An innovative compromise approach for the patient with negative localisation studies may be the “minimally invasive video assisted parathyroidectomy” (MIVAP) technique, which uses a small midline incision with retraction and endoscopic magnification to explore all four glands. This technique has been described by Bendinelli et al. (8) who describe a 15-mm incision through which all four glands could be explored, identified, and an adenoma removed. At present, MIVAP is rarely used in the adult patient due to the ability to perform MIP under direct vision. However, for the surgeon who has the skills and experience to perform MIVAP confidently can offer this approach as an excellent option for the patient with negative localisation studies.

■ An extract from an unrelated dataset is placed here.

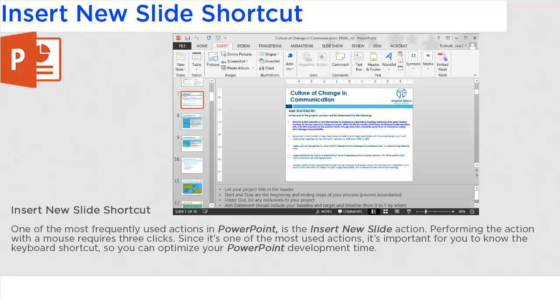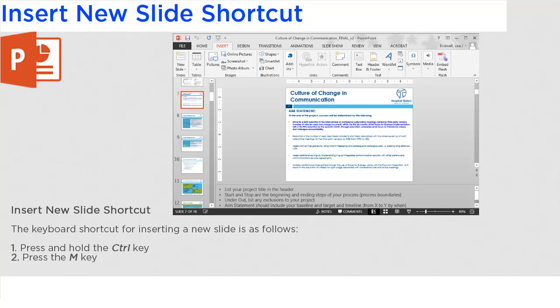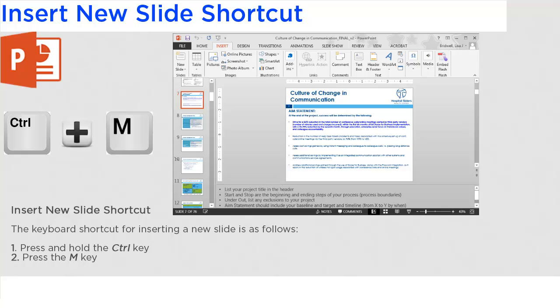So you can optimize your PowerPoint development time. The keyboard shortcut for inserting a new slide is as follows: press and hold the Ctrl key, and then press the M key.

The development of intra-operative of PTH monitoring (IOPTH) has provided endocrine surgeons with another useful adjunct during parathyroidectomy. The technique calls for serial measurements of IOPTH at induction of anaesthesia, or just prior to excision of the presumed culprit lesion followed by measurements at 5 and 10 minutes post-excision. The most widely used standard, the Miami criteria, uses a fall in IOPTH by 50% or greater at 10 minutes post-excision as evidence of successful operation (27). IOPTH monitoring can give reassurance to the surgeon that the target lesion has been correctly identified; and that exploration can be limited to that target site. IOPTH monitoring has been used successfully during pregnancy, as demonstrated by two case reports where excision of a single adenoma has been by fall in IOPTH in line with the Miami criteria. Limitations of IOPTH include the additional cost (although this has to be balanced against cost saved by limiting time spent on unnecessary exploration of the neck); and the lack of evidence of its efficacy in identifying multigland disease or double adenoma. However, where facilities for IOPTH monitoring are available, it may provide a useful adjunct to the surgeon performing parathyroidectomy in the pregnant patient and particularly in those with negative localisation studies.
We have synthesised a summary of our experience and literature review into an evidence based stepwise model for planning approach to parathyroidectomy in the pregnant patient (Figure 1). In particular we would highlight the importance of a multidisciplinary team in managing these patients and their pregnancy. Given that the women in this series were all between the ages of 24-31, the number and severity of co-morbidities encountered is quite remarkable. To our knowledge there is no recognised association between Li-Fraumeni, HIV infection, or Crohn’s disease with PHPT. Rather, it is a reminder of the complexity of managing these patients which is best approached by a diverse multidisciplinary team. From time of first presentation, planning should be undertaken by a team experienced in parathyroid surgery and include the surgeon, anaesthetist, an experienced endocrine radiologist, obstetrician, neonatologist, and physicians involved in management of co-morbidities. We believe that by adopting a model based on best available evidence, coordinated by a multidisciplinary team, will prove beneficial in the management of parathyroidectomy in pregnancy.
Disclosure: The authors declare no conflict of interest.